# Speedfan/Overheating, help?



## 19TcH91 (Mar 31, 2011)

Okay so i was having a lot of issues with overheating when i was playing such games like WoW and SC2, also running youtube videos etc. I didn't think much of it at the time due to the case i had only had like 2 fans in, but i kept it from overheating by having a desk fan facing the inside of my computer with the side panel off.

So i recently bought a new case from my local computer store, everything is fit fine, i have 2 120mm Fans and 1 40mm fan (Purchasing 2 more 120mm tomorow), my graphics card is a Nvidia 8600 GT, and im asuming this is the reason for the force shut down.
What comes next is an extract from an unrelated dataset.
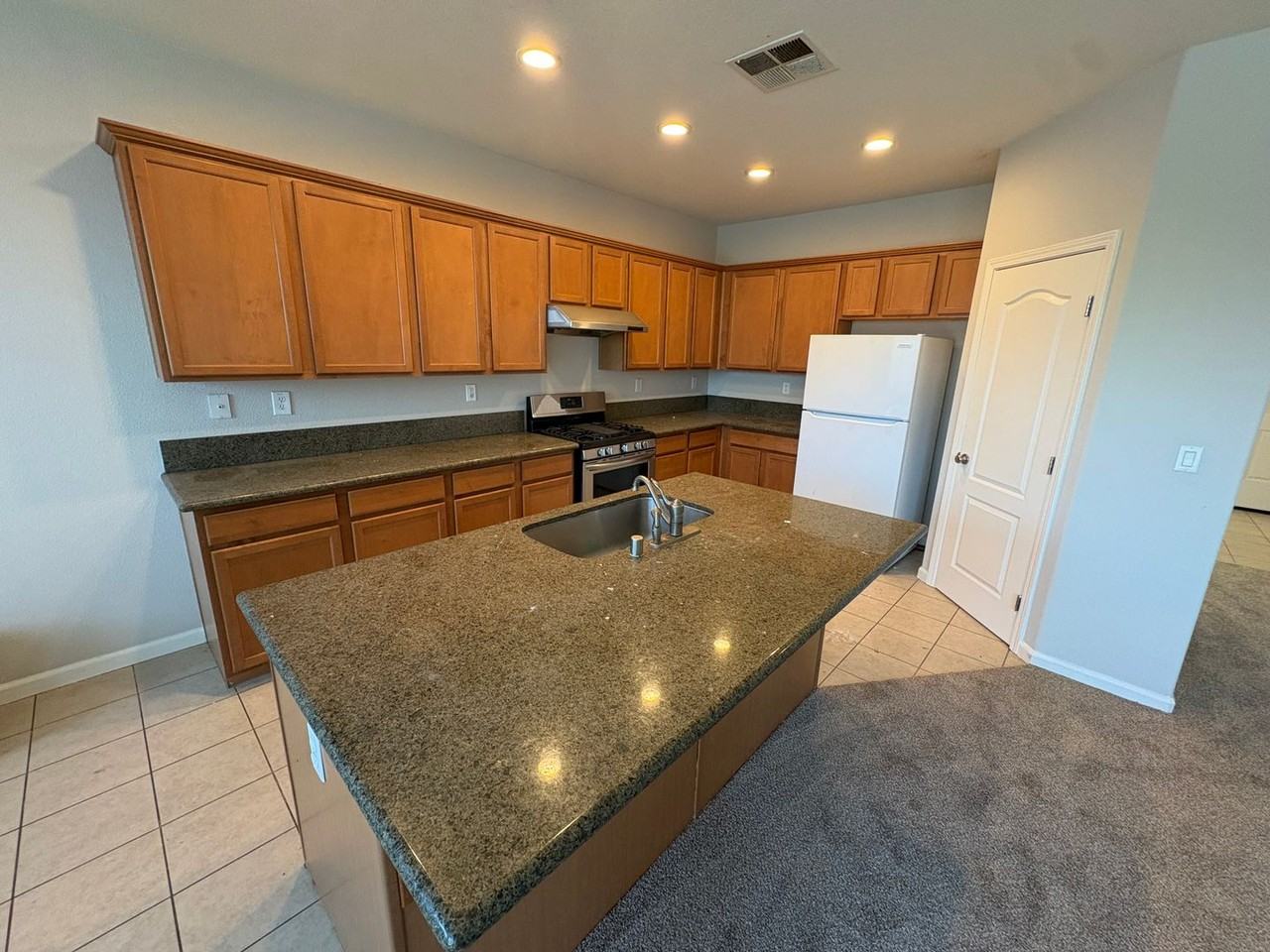 1332 Tuolumne Way - Photo 6 of 15
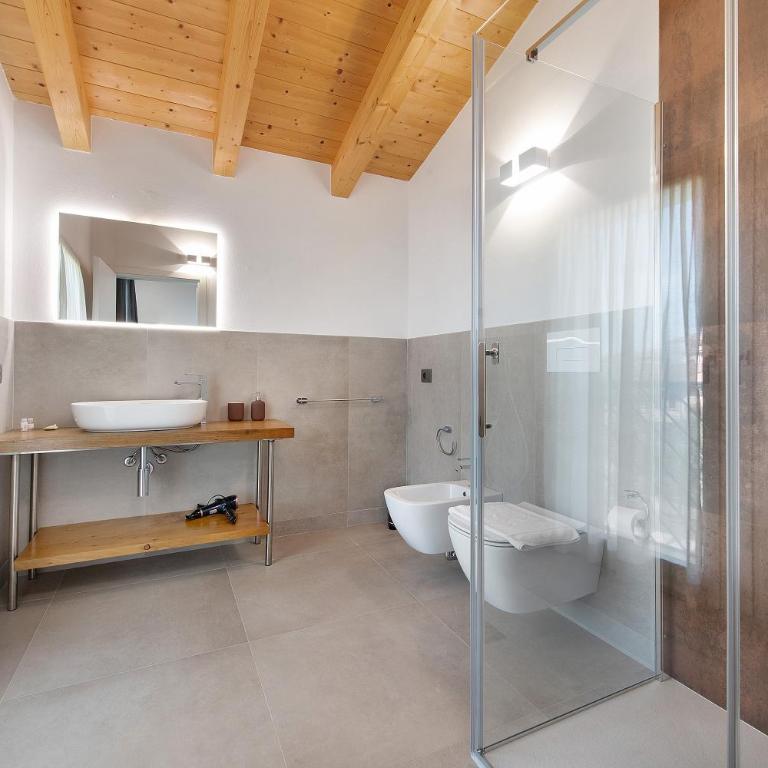 Agriturismo Casa Irma - Appartamento Deluxe con 2 Camere da Letto e Vista Giardino - 14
Im not quite sure what i can do to fix it or does anyone have any suggestions.

I have attached a screenshot of Speedfan, which i downloaded recently but i am not sure what Temp 1 is linked to...

Faithfully
TcH


----------



## GZ (Jan 31, 2010)

Hello 10TcH91 and welcome to TSF,

Check your CPU and system temps in the BIOS. They are the most accurate.

To check and monitor your temps real-time, use a program like HWMonitor (CPUID - System & hardware benchmark, monitoring, reporting)

HWMonitor will put a name to most temps, making it easier to figure out what is what.


----------



## WereBo (Apr 5, 2008)

Allo 19TcH91 and welcome to TSF :wave:

Speedfan is great for having an instant display in the System-Tray but, it's not much help if it can't identify what's what :grin:

If you install '*PC-Wizard*' (It's a freebie :wink and run it, it will identify all the appropriate bits and show their temps, voltages etc. too.

With that info, you can configure Speedfan and rename the readings to something more appropriate than 'Temp1', 'Temp2' and so on :wink: 

I'd guess that the 'Temp1' is the CPU, though the graphics card(s) tend to be the hottest part of a PC, unless the CPU-heatsink needs an urgent clean :laugh:

Have you cleaned out your PC recently? - The heatsink can quickly build up an insulating layer of dust between the vanes and on the fan-blades, making both inefficient at what they're supposed to do. 

A can of compressed-air and an artist's paint-brush is ideal for cleaning both, you can use a vacuum-cleaner to catch the dust that'll float around in the air, but don't get the nozzle closer than about 6" to any of the components - Fast-moving dry air can generate a lot of static electricity, which can zap some components.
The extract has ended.